一枚の手漉き紙の向こうに <夫婦世界一周紀39日目>
スリランカを去る前に使えるものは使っておきたい。「一本の鉛筆の向こうに」のオマージュは多分一生使えない。なんか長くなっちゃったけど。
僕とフウロは旅行中に世界で出会った素材を使って紙を作る「トラベルズペーパー」というプロジェクトをやっている。短い滞在期間の中で限られた道具と場所で紙を作ってさらに映像まで作ってしまうなかなか鬼畜なプロジェクトだ。
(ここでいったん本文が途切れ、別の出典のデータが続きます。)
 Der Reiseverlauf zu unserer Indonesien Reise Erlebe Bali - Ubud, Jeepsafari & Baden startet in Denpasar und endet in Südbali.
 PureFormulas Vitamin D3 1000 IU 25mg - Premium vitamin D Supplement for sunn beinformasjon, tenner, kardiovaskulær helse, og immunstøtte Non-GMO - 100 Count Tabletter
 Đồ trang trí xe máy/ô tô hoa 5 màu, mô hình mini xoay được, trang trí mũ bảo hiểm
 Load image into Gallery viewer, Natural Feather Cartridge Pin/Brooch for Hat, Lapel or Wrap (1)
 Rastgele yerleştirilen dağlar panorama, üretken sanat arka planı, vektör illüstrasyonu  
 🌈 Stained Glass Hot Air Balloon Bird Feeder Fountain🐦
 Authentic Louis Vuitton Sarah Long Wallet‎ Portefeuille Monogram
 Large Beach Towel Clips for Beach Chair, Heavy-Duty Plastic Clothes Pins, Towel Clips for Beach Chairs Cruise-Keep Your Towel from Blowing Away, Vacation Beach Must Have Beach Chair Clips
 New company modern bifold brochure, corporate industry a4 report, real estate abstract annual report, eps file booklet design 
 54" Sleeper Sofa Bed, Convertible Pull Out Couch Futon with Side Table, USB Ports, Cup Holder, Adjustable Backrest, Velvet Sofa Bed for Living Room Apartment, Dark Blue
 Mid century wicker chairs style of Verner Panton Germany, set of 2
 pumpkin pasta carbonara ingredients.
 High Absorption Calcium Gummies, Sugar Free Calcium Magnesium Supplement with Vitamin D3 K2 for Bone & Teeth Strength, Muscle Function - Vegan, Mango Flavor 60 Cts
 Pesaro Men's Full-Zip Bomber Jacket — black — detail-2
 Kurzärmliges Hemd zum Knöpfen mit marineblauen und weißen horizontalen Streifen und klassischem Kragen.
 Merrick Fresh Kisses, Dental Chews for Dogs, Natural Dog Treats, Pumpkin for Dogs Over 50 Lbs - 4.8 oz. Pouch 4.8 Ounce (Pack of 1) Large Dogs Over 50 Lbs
実はスリランカではずっと前に紙を作っていた。ウナワチュナに行く前、キャンディでスレイシュとツアーに行った日の午前中に。とにかくバタバタと作っていたし、その後もイベント目白押しで紹介もしていなかった。もうスリランカも終盤。コロンボでの最大の目的だったカレーも食べてしまって、紹介するものがないのだ。思い出したように紙のことを書こうと思う。
今回の原料は全部で4つ。
原料① 答案用紙
スリランカの国民食サモサに使われている包装紙は小学生の答案用紙だ。学校の古紙で作られた古紙が全国のサモサ売りに配られるシステムって、冷静に考えるとかなりすごいと思う。スリランカは社会活動推進国とも言われている。
原料② キングココナッツのおひげ
そういえば食べました。キングココナッツって大きさだけじゃなく、味もキングと評判なんだけど、僕はココナッツが好きな人と嫌いな人の違いは「初めて食べたやつの品質」じゃないかと思う。あたりはびっくりするほど美味しいが、はずれにあたるともう食べたいとは思わない。僕は人生初めてのココナッツではずれを引いたが、その後も何回か食べる機会があったのでココナッツはうまいものと知っている。でもキングココナッツとのお見合いは大失敗。二度と飲まない。
原料③ ウッドアップルのタネ
10年放置された軟式ボールは表面がひび割れてサイズも一回り小さくなり細かくヒビが入っているが、まさにそんな感じの果物だ。中身は梅干しがぎゅうぎゅうに入っているような感じ。香りも梅干しに近いし、思い出しただけで唾液が溢れるレベルの酸味。牛乳に混ぜて飲むとブォアブォアになるので、砂糖を混ぜて飲むのがスリランカ流なんだとか。タネがぎっしり入っていたので、このタネを紙に漉き込むことにした。
原料④ スリランカの紅茶
ベタだけど紅茶。スリランカは意外に紅茶を飲まない。もともとスリランカはコーヒーを栽培していて、紅茶を育てる文化も飲む文化もなかった。でもコーヒーの木の病気が全国に広まって全滅してしまったのだそう。ちなみにスリランカのコーヒーはめちゃくちゃ不味かったらしい。現地の人が言っていたから間違いないだろう。スリランカに侵略したイギリス人はコーヒー畑に紅茶を植えた。適度に高所があって栽培に最適だったからだ。スリランカの人にはコーヒーが全滅して路頭に迷うところを紅茶産業に救われたので、イギリスに対しての憎しみはほとんど無いらしい。スリランカでたくさん紅茶を買った。美味しかったけど、すっきりしすぎていて物足りなかった。というあ味に覚えがあったのだ。目を隠されてリプトンとスリランカティーの利き茶をしたらわからない。当たり前だ。リプトンの茶葉もスリランカの同じ畑で育っている。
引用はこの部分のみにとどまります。